Al poco rato me llamó y con voz desfalleciente me dijo, «cuando veas que me voy a morir, me das mi crucifijo». Yo que no pensaba tal desenlace, traté de animarlo; pero él nada me contestó, sumergido en interiores soliloquios. Quedeme pensativo en mi silla, pero sacome de mi abstracción el eco de un suave murmullo. Me incorporé, fui a su lecho, y lo vi con sus manos plegadas rezando con una expresión mortal de despedida. Instintivamente puse en sus manos el crucifijo, lo tomó, lo besó y se estiró en la última agonía. Quedeme emocionado y después de un breve rato, torné un cigarro y me fui a cubierta a llorar como un niño. Agotadas mis lágrimas y retemplado por la experiencia que tempranamente tenía del dolor, bajé para vestirlo y disponer lo que debiera hacerse. Pero no lo encontré en su lecho, y, apercibiéndolo en la cámara, entre unos marineros protestantes, que trataban de envolverlo en una vela, salté de un brinco y me precipité, tomándolo a uno de esos ingleses por el cuello, y apostrofándolos duramente. El capitán se interpuso y cortésmente me hizo ver que la medida era necesaria, que era la ordenanza izar el cadáver en un bote, para evitar el contagio. Con esta explicación me conformé y me apacigüé, escribiendo en el acto a los señores Llavallol, para que me remitieran un buen cajón fúnebre. Recibido éste conduje el cadáver en una lancha, adornada con banderas argentinas, para sepultarlo en la ensenada de Barragán. Después de practicada la autopsia por el doctor Biedma, hice cavar en la costa por unos gauchos una fosa, y allí lo enterré dejando algunas señales en la tumba para poder practicar la inhumación. Levantada la cuarentena, me trasladé a Buenos Aires, y entregué todos los baúles de Fray Pedro, al entonces guardián   —237→   de San Francisco Fray Aldazor al que saludé primero, como obispo de San Juan, porque le traía la bula de su nombramiento.

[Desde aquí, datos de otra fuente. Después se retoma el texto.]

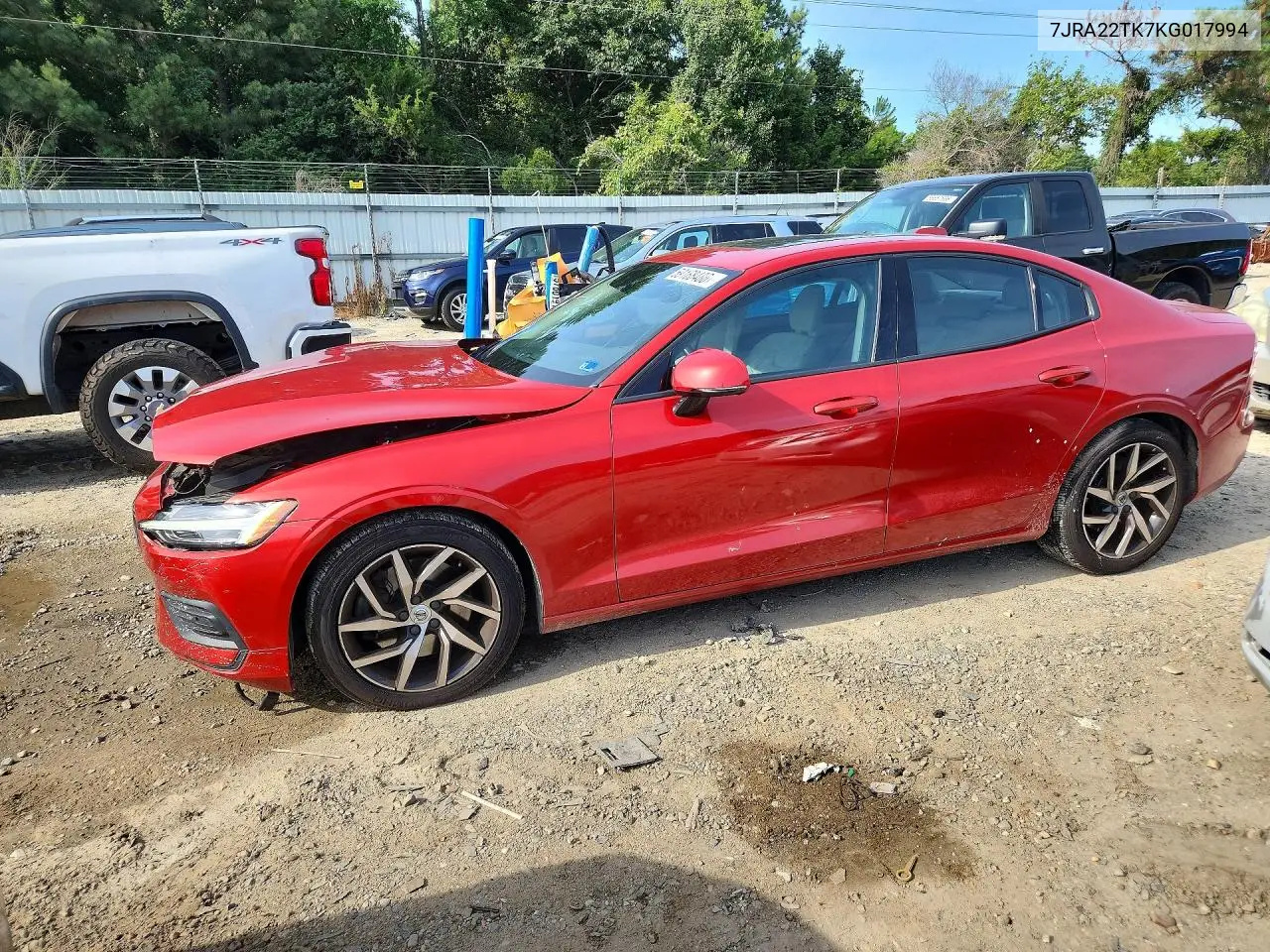 2019 Volvo S60 T6 Momentum VIN: 7JRA22TK7KG017994 Lot: 59168486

Pasado un año fui a traer al fraile amado y respetado, en un pailebot, por comisión de sus discípulos, Tuve una peligrosa travesía, porque era Santa Rosa (Agosto de 1860) y hube de necesitar nuevamente de mi energía, porque los marineros querían echar el fraile al agua por considerarlo causa de la tormenta. Llegados los restos al puerto, los desembarcamos con toda pompa y los acompañamos hasta San Francisco, en dos columnas de amigos y de discípulos, previa la oración fúnebre que yo pronuncié, en la punta del antiguo muelle, siendo este mi primer discurso fúnebre, que fue publicado en la «Reforma» de aquella época.